Ali, a public relations executive, drives downtown from her home on the Upper West Side every morning for the 6 or 7 a.m. class. "Do you want to hear something crazy? Sometimes I go back at night." That level of commitment is not an anomaly; in fact the norm at the studio seems to be two hours of class, six days a week. It makes sense economically to get the most out of your membership fee. Ali has been working out with Anderson for almost eight years, ever since she saw a flyer at her neighborhood gym promoting a two-week boot camp with Gwyneth Paltrow's trainer. "It's really just a chance to unleash your inner Janet Jackson."

Or, as Kimberly Emery, who used to attend class in New York before she moved to Minneapolis (where she now streams classes), says, "It's what you do, like you eat lunch."

"It's a particular type of woman, a type-A, to have that kind of commitment," says Candice Miller, a stylist in Tribeca. And that's further reflected in where in the studio you choose to work out. "I prefer the front row because I like to watch myself to make sure I'm doing the moves correctly. I guess the front row people are the front row people."
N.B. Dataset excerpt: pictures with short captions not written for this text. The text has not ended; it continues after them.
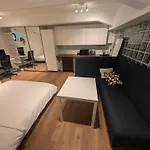 Dana-Entire Apartment Very Quiet And Central 2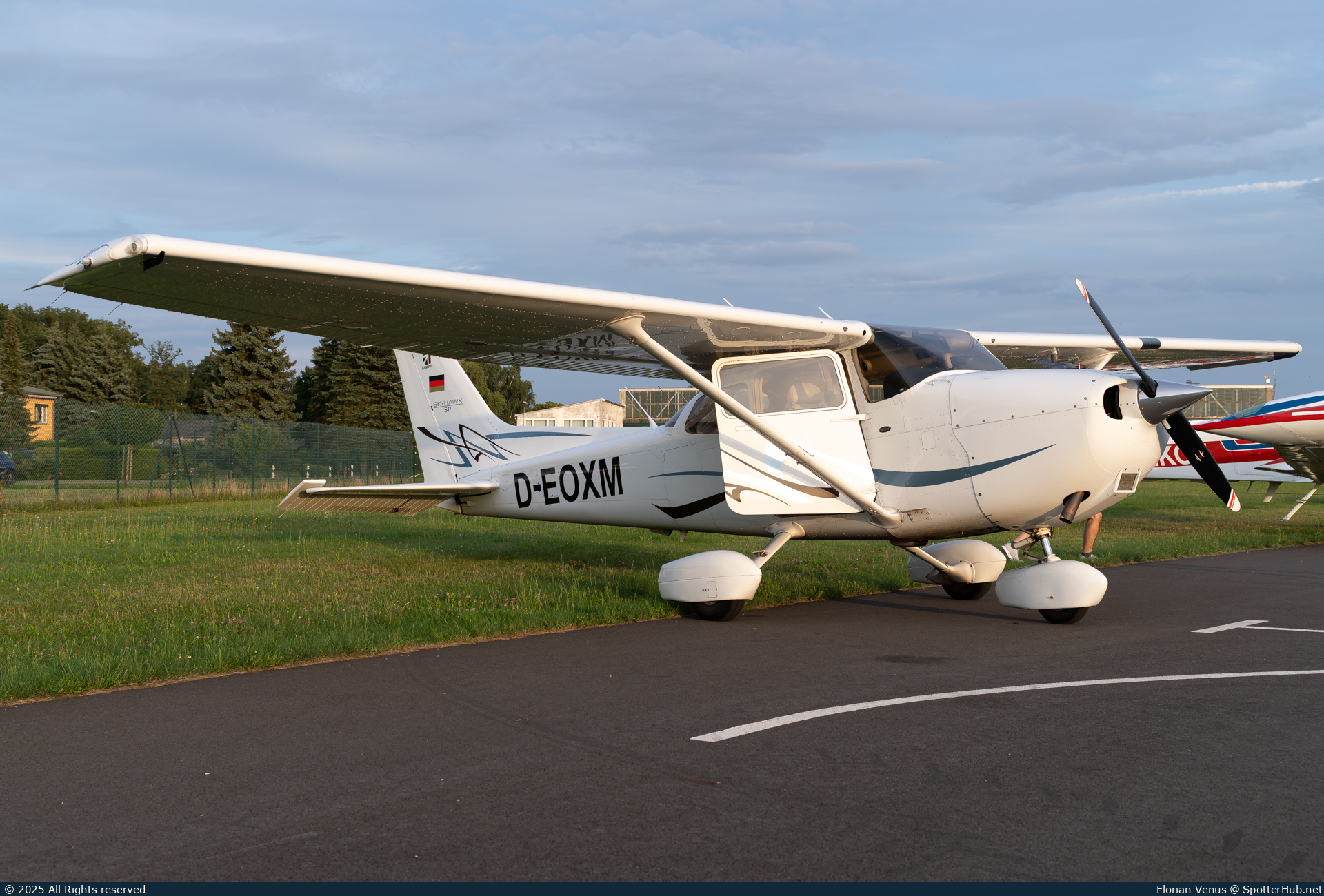 Photo of D-EOXM - Cessna 172S Skyhawk SP operated by AIRBUS Motorfluggruppe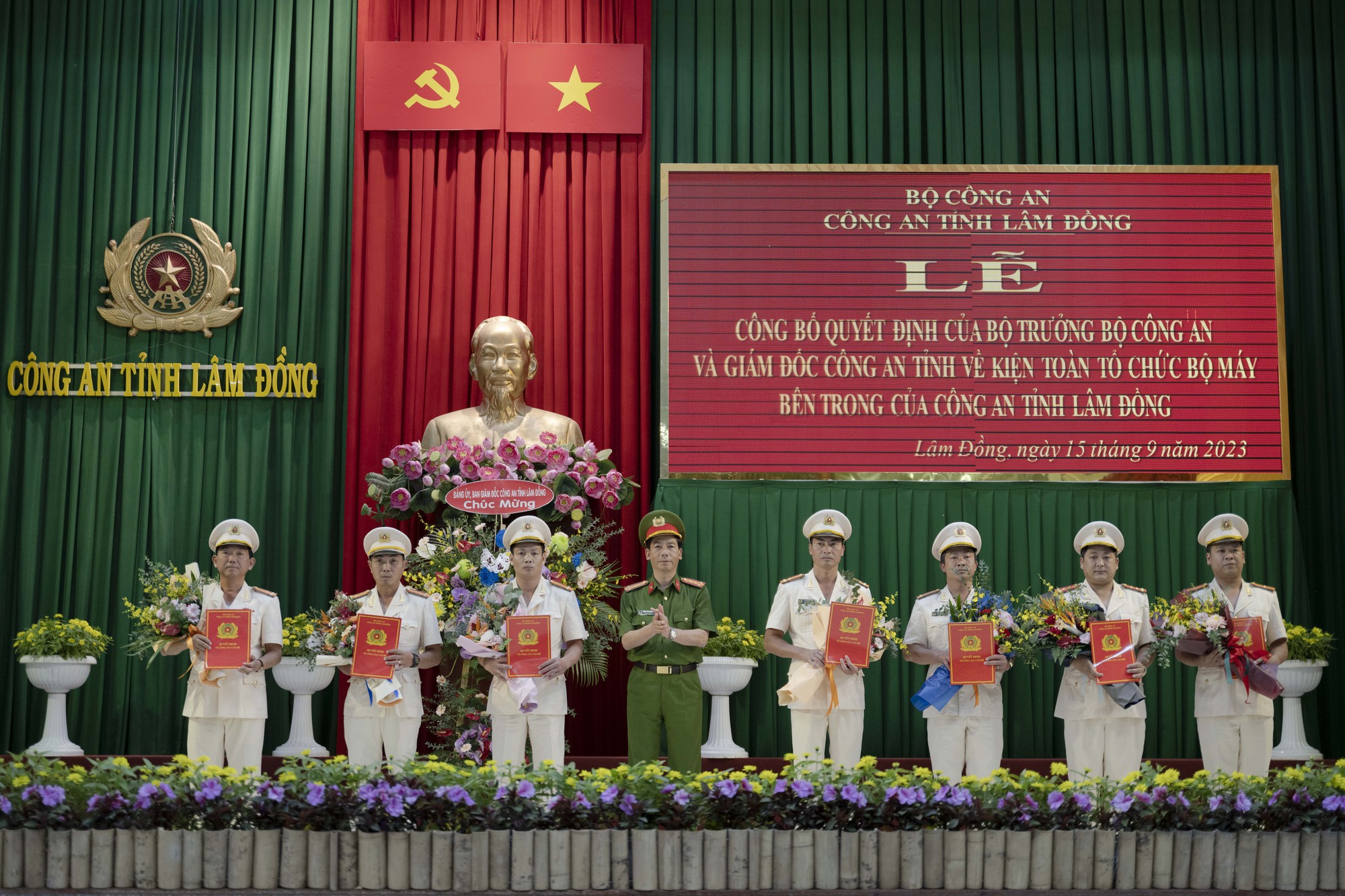 Công an tỉnh Lâm Đồng bố trí, điều động 50 lãnh đạo cấp phòng, Công an các đơn vị, địa phương - Ảnh 7.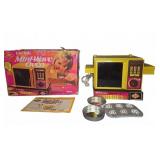 Easy-Bake Mini-Wave Oven by Kenner with Pans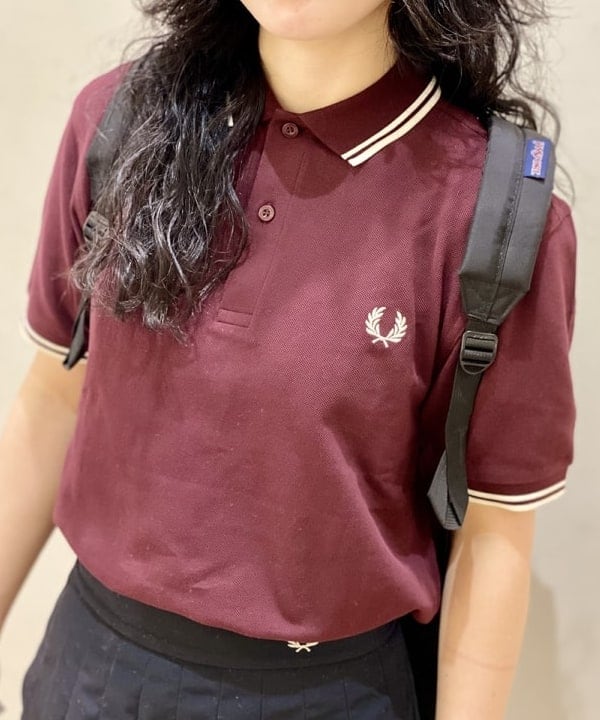 鈴木 悠里さんの「BEAMS WOMEN｜JANSPORT / Right Pack」を使ったコーディネート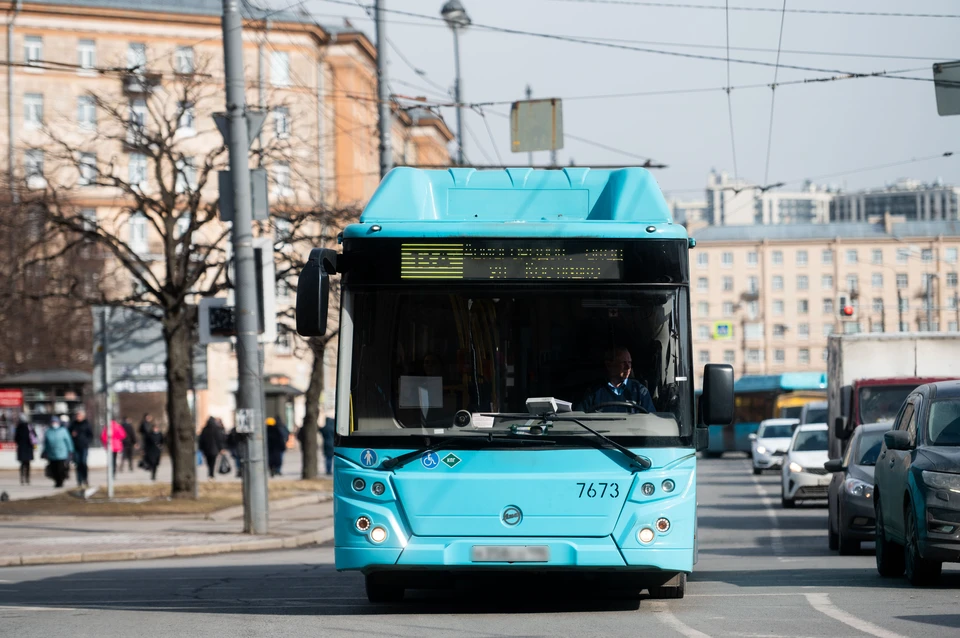 С 1 апреля в Петербурге вступает в силу транспортная реформа.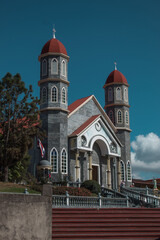 Obraz premium general shot of the church of San Rafael in Zarcero with a clear blue sky on a summer afternoon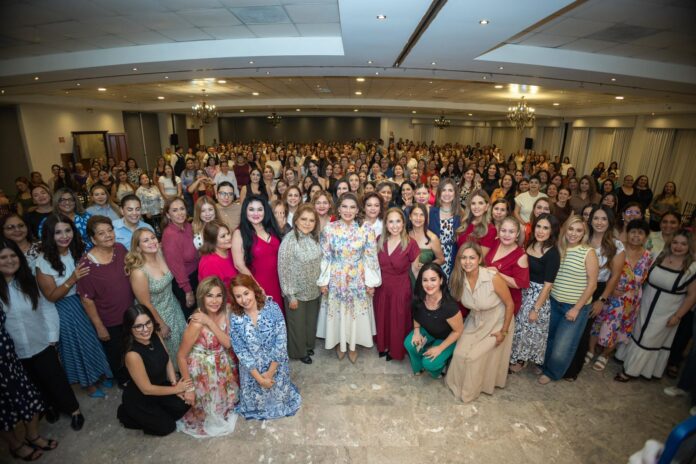 Lorenia Valles durante encuentro con mujeres en Hermosillo Sonora Lorenia Valles durante encuentro con mujeres en Hermosillo Sonora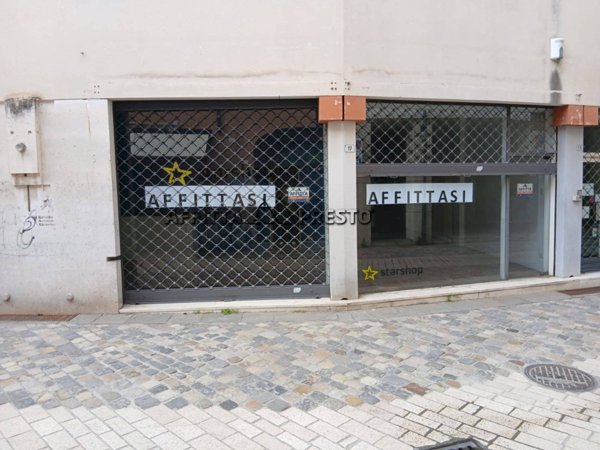 negozio in affitto a Ravenna in zona Centro Storico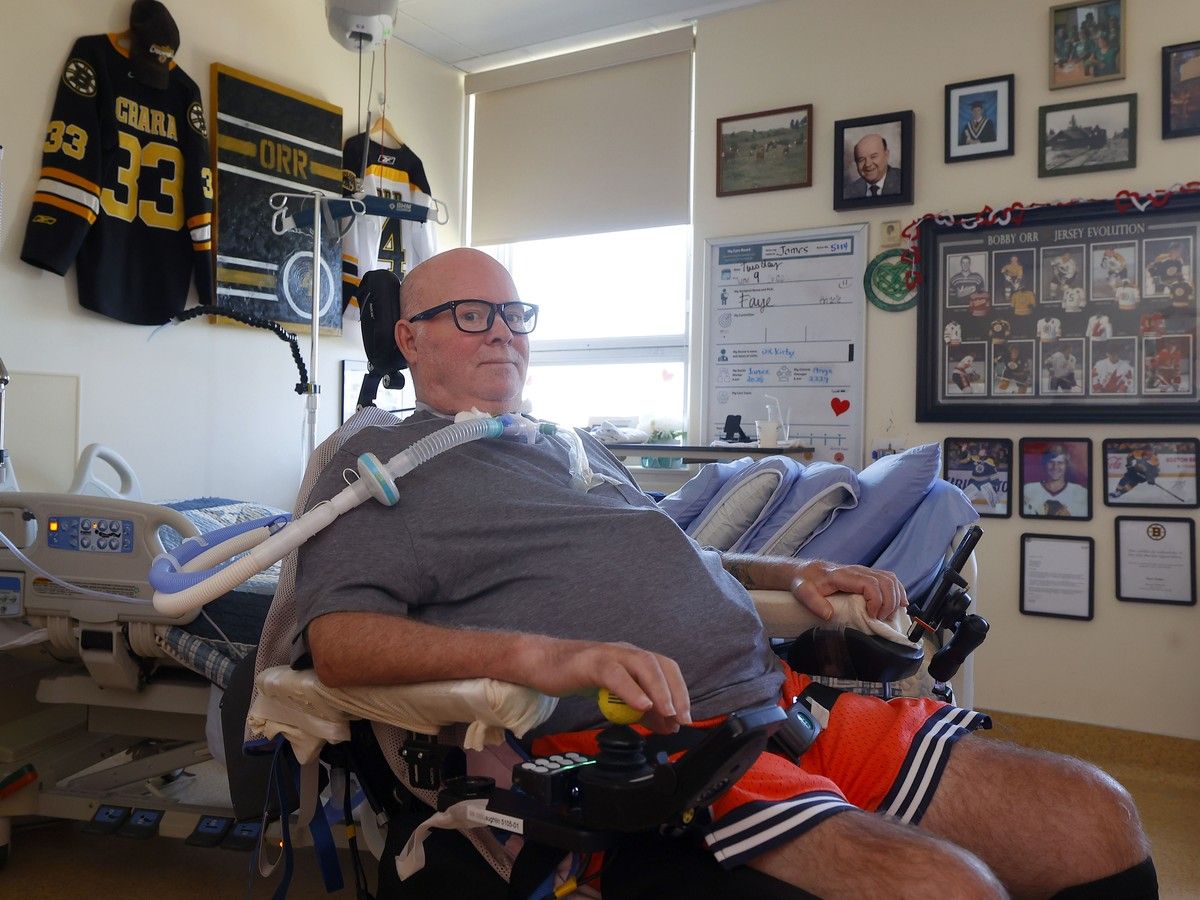 Boston Bruins fan James McLaughlin at Bruyère Health’s Centretown campus. Boston Bruins fan James McLaughlin at Bruyère Health’s Centretown campus.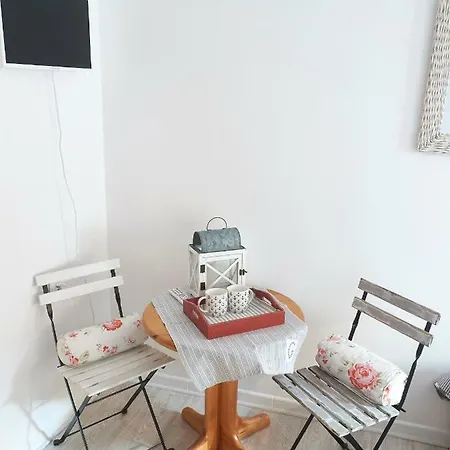 Mini Apartament Marine Свіноуйсьце Екстер'єр фото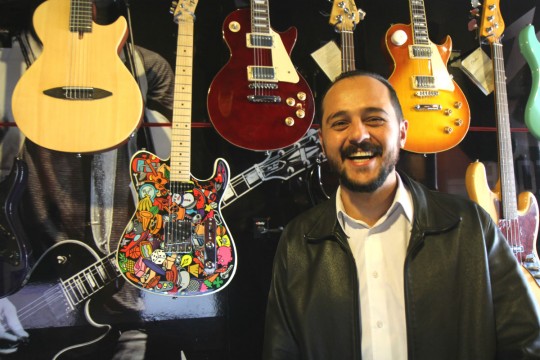 Jones Paulo trabalha com vendas de instrumentos musicais e é cliente da CNova (foto: Raquel Tannuri Santana).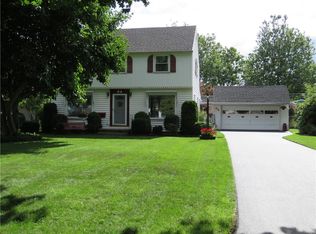 84 Cornwall Ln, Rochester, NY 14617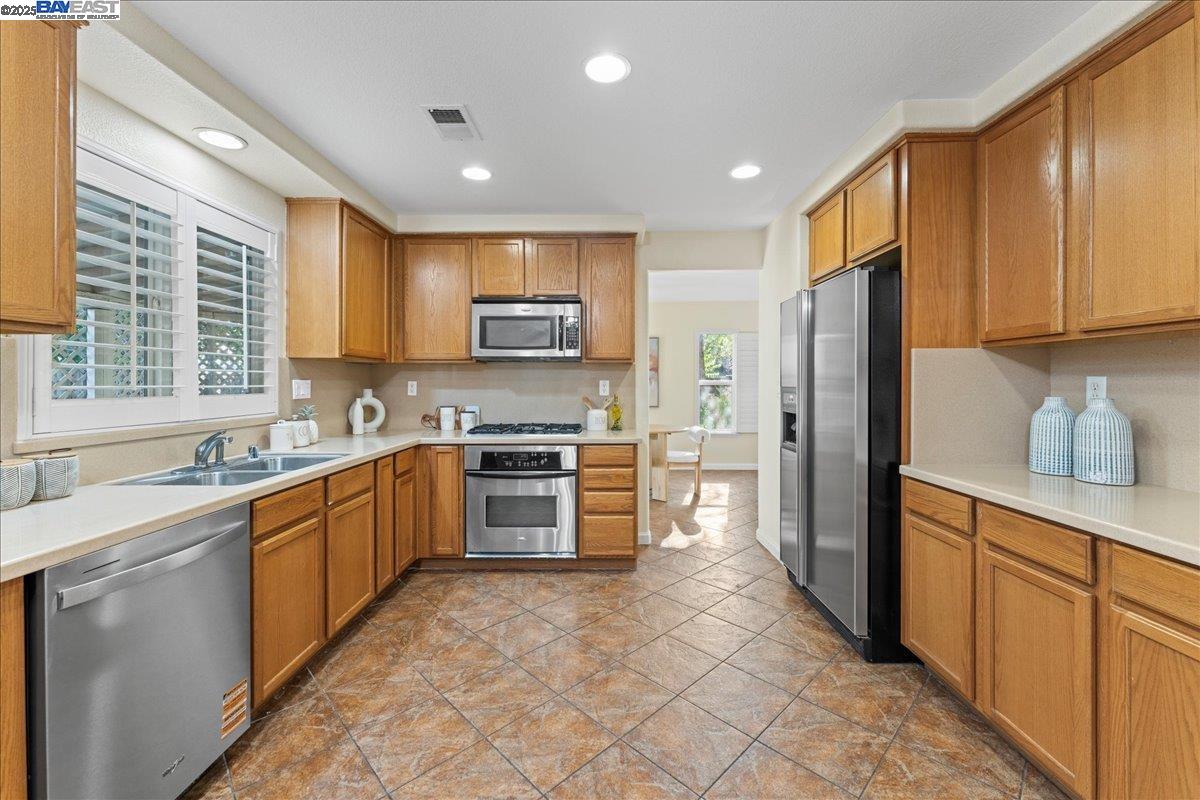 Detail Gallery Image 21 of 60 For 4709 Bartram Run Ct, Stockton,  CA 95212 - 6 Beds | 3 Baths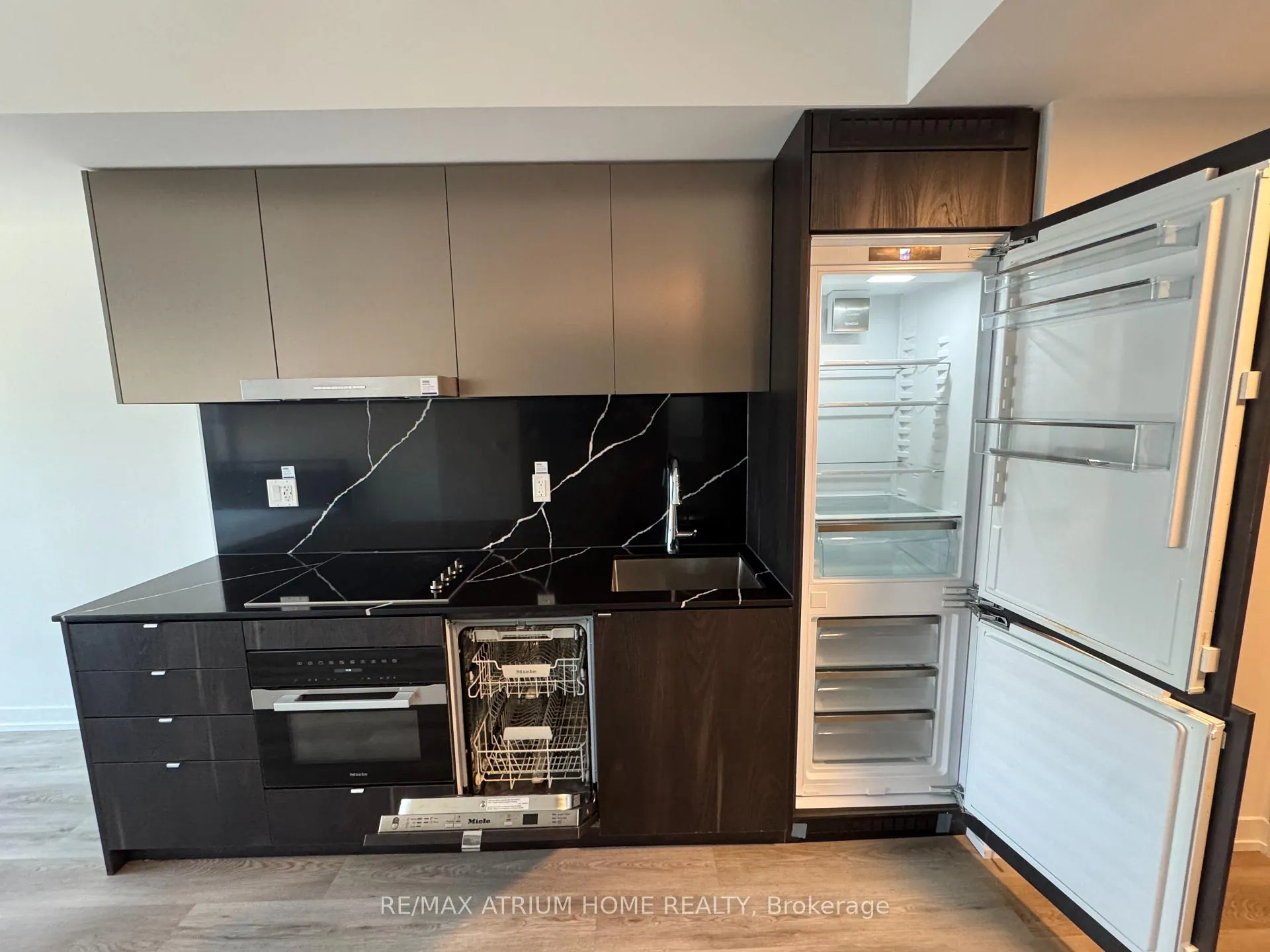 Photo 7 of Unit 1107, 771 Yonge Street, Toronto, Rosedale-Moore Park — HOMEH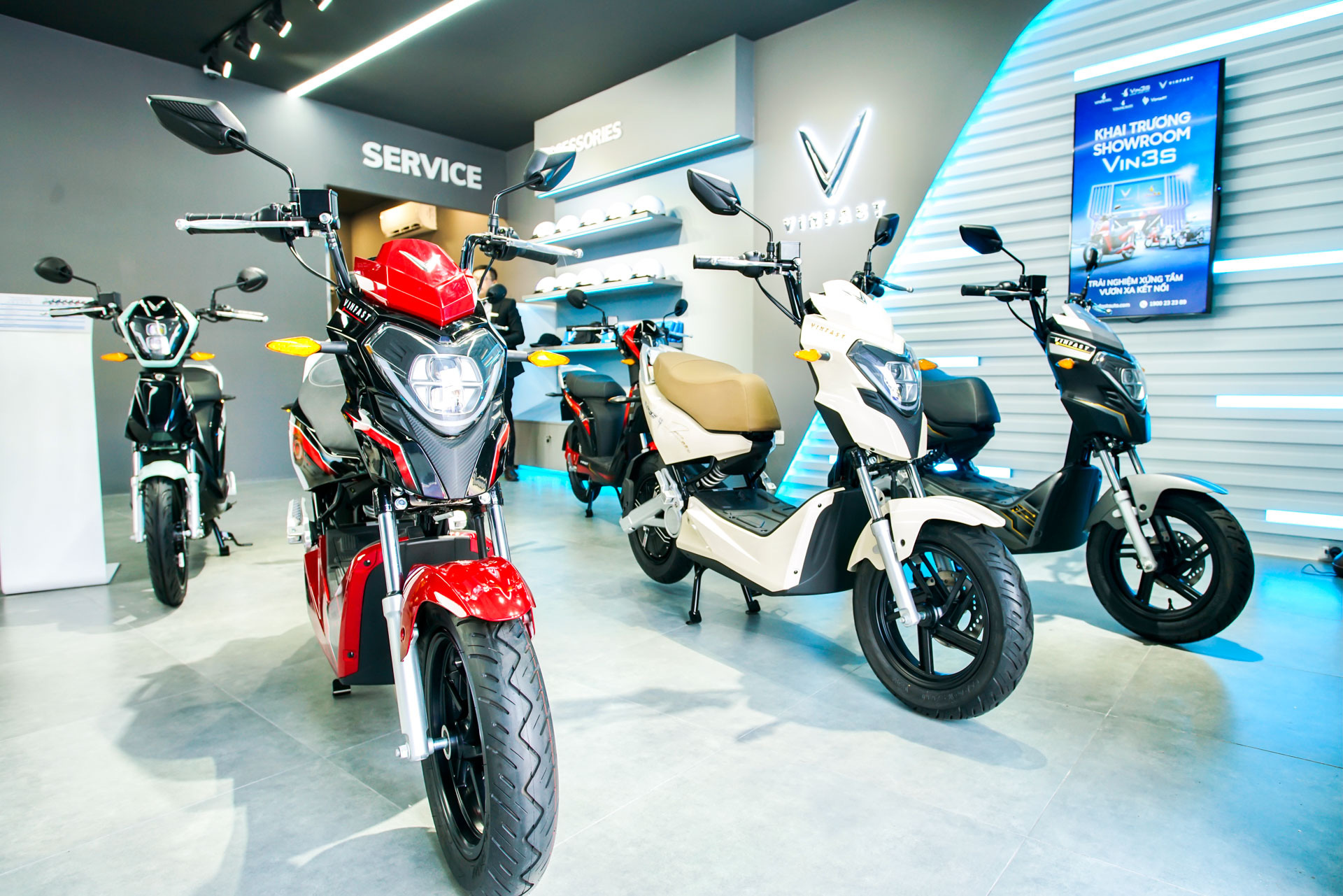  Khai truowng 64 showroom xe máy điện VinFast kết hợp trung tâm trải nghiệm Vin3S toàn quốc - Ảnh 5.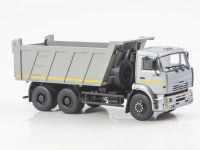 Масштабная модель 1:43 Трехосный дорожный самосвал 6х4 КАМАЗ-6520, ранний, светло-серый, Автоистория (АИСТ)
"But it's a great mix," she continues. "Young moms, art consultants, real estate, jewelry designers — they're all super cool. You would never know some are super glamorous, but then you look on their Instagrams and they have these super glam lives." After class, they all go for tea and oatmeal or to Juice Press together.

The community is an oft-repeated reason for what keeps studio members coming back. Sabrina Leichter Rudin of Chelsea, who owns a vegetarian restaurant and juice bar in Aspen, attends the 9 and 10 a.m. classes with the same group pretty much daily: "Many have become good friends. We go to each other's birthdays and baby showers and bridal showers. You have your Tracy girls and it transcends Tracy and becomes your community."

Her own loyalty to Anderson is such that when she found out she was pregnant, "besides my family, she was one of the only calls I made after I spoke to my doctor. I knew she'd know what to do and what to be careful of," she says. "She's accessible. She's obviously a celebrity personality, but she's there every morning at 8 a.m. in her sweat clothes with us."

"It could be providing food for a family for a year in a third-world country, but that's just New York."

The studio itself has a certain mystique, as do its members. "There's a little misconception that it's competitive, that we don't smile and don't talk to each other," says Rudin. "You would think there is attitude, but they could not be more nice," says Emery. She once even rode the elevator down from class with Gwyneth Paltrow herself. "I was just looking at my email, but I was dying to ask her for lunch. She started chatting me up: ‘Hey, how was your workout?' She could not stop talking."

As for the overall privilege of the place, Emery says, "You get used to it. You could buy a car if you opened up the lockers in the locker room, or it could be providing food for a family for a year in a third-world country, but that's just New York."


I expected the studio to feel like a Soho House for Tribeca moms. And in some respects, it lives up to that image. Are there a lot of gold Cartier Love bracelets? Are there Céline bags in the lockers? Are there tight, size-zero, blond Tracy Anderson lookalikes? Yes, yes, yes. But you see a lot of that same tribe at any fancy-ish fitness place like SoulCycle or Equinox. There are differences as well. Perhaps because of how often members come, there seems to be an intimacy between them and the people who work there: teachers, staff at the front desk. I saw a woman who cleans the locker room and a member sitting down and laughing at something on an iPhone.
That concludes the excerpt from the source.